• DATA EXTRACT:
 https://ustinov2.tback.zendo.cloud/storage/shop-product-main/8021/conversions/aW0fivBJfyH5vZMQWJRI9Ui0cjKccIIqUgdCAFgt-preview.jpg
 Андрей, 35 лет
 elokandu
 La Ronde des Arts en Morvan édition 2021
...
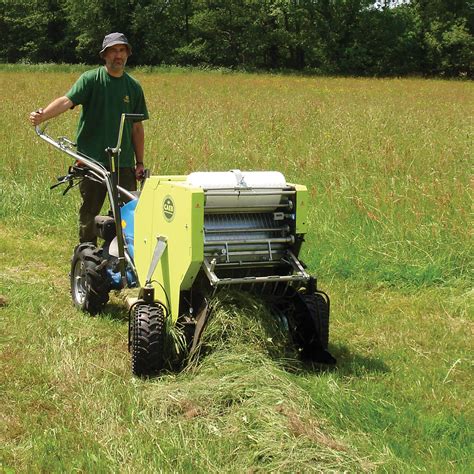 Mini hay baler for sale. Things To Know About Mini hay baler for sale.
==
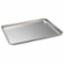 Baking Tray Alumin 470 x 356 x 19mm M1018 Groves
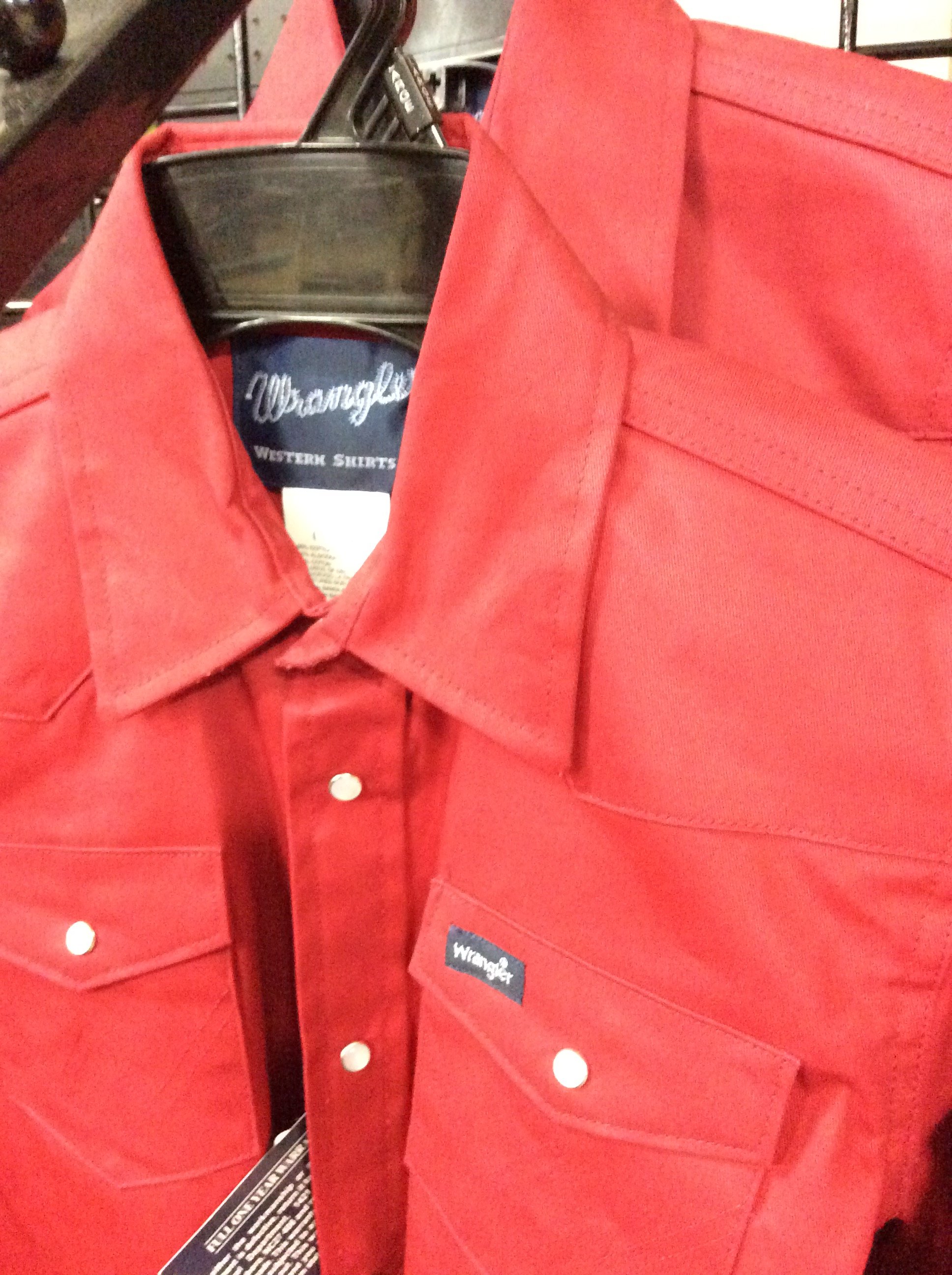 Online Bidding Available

• WHAT IS EXPECTED:
Both the line containing "Baking Tray Alumin" and the line containing "Online Bidding Available" above belong in the output, as do the lines between them. Print them exactly, without pictures.

• ANSWER SECTION:
 Baking Tray Alumin 470 x 356 x 19mm M1018 Groves
 Online Bidding Available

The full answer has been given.